The truth is we are a nation that prefers to laugh only at safe subjects (this includes demented wives, rural politicians and that prince bereft of his kingdom, Rahul Gandhi), at steering clear of the real taboo topics - religion, caste, sex and our own pathetic need to belong, to be part of the beautiful crowd. For this is a nation crippled by status anxiety. Everyone wants to be beautiful, rich, and upper caste at least, if they can't make the brahmin grade. And if they aren't any of those things, hey, they want to sleep with someone who is. OK, one out of three will do.

But would you find many cosmopolitan urbanites who've traded the respectable family jyotish for wild adventures on OK Cupid, laughing about it? Nopes, that could draw the attention of the NPLUs (Not People Like Us) and maybe their inability to understand your register could get you killed, push you to run like Shireen Dalvi, editor of the Mumbai edition of Awadhnama (who, alas, will never be famous in India's little English-speaking-but-Bollywood-watching subset and so will have no glamorous champions of free expression rooting for her), or dragged to court like the AIBwallahs. It's tragic because they could have to languish in a jail without English toilets. Ah Macaulay, what hast thou done? Thou hast robbed the yoof of the understanding that, in this country, you may be rewarded for rioting with a chief ministership, even higher posts (but we won't venture there on account of this writer's EMIs) but you cannot get away with being a laugh riot, even one that only cusses compulsively about truly transgressive stuff like Raghu Ram's looks.

Hey, let's accept that the excoriating humour of a George Carlin is not for us. Because we are a heterogeneous society that believes wholeheartedly in self improvement through selective breeding - behold the enduring success of the arranged marriage and its modern counterpart, the set-up - and, as an extension, worships conformity. Look, you gotta have the whitest teeth, the best accent in all the three languages that you speak, and the shiniest hair… or at least be able to put up a selfie with someone who has all those things.

Yes, Indian comedy goes to die on the censor board of sameness, on the tombstone inscribed "double meaning any kind of words" that's number 15 on the list of things that now absolutely cannot be featured in an Indian film. Besides, lately everyday life in this nation is so hideously funny, that the force of your laughter made you pop out quintuplets because, well, that's your bounden duty as a good Hindu woman. It would never do for you to be the bad girl who makes misshapen rotis in that genius meme.

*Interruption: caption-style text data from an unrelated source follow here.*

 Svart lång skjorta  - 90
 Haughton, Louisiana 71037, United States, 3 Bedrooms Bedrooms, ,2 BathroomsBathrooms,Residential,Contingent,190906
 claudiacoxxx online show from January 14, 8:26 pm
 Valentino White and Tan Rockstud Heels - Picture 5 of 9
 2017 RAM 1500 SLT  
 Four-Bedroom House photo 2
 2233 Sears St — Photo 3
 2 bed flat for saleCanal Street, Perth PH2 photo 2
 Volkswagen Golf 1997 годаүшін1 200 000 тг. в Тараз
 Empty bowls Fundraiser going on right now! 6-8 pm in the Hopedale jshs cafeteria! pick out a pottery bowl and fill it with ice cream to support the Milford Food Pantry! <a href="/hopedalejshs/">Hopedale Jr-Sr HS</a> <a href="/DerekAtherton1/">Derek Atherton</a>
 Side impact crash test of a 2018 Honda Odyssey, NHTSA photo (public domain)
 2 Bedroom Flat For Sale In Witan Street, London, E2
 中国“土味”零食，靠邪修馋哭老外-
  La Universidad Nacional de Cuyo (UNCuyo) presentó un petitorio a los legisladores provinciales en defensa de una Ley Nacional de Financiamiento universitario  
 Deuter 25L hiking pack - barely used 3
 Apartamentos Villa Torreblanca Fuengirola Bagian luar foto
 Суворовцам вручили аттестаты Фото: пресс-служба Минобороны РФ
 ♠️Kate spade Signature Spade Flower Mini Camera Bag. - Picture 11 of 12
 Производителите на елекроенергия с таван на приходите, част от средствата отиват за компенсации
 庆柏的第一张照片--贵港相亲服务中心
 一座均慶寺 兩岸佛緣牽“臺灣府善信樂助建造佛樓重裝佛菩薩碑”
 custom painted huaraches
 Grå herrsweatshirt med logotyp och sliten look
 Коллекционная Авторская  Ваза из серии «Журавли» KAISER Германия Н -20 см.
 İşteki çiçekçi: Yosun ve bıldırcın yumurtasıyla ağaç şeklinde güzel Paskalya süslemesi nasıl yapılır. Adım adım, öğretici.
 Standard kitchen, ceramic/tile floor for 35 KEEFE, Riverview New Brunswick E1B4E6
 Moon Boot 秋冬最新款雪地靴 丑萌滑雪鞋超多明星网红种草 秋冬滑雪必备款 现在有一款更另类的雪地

But all is not lost. If we must look for Indian humour, comedy that's properly disrespectful, that doesn't give a toss about being devoid of cool, get on twitter, yo. At left, right and centre, funny folks - @RushdieExplainsIndia, @coolfunnytshirt, @GabbbarSingh, @Roflindian, to name a few - are skewering the pompous as they bravely hide behind fake display pictures. Then there are the Faking News and Unreal Times blogs, the Vigil Idiot strips and even Dr Mahinder Watsa's advice column - each instalment a comic masterpiece - that provides an insight into Indian sexual neuroses ("I wore a condom on my finger; will my girlfriend catch a cold?").

Most of these funny people are men, which brings you to the puzzling question of whether a penis is mandatory for success in comedy. But that's the subject of an entirely different story. One that you might generously consider allowing Aamir Khan - by now desperate to appear cool again - to co-write.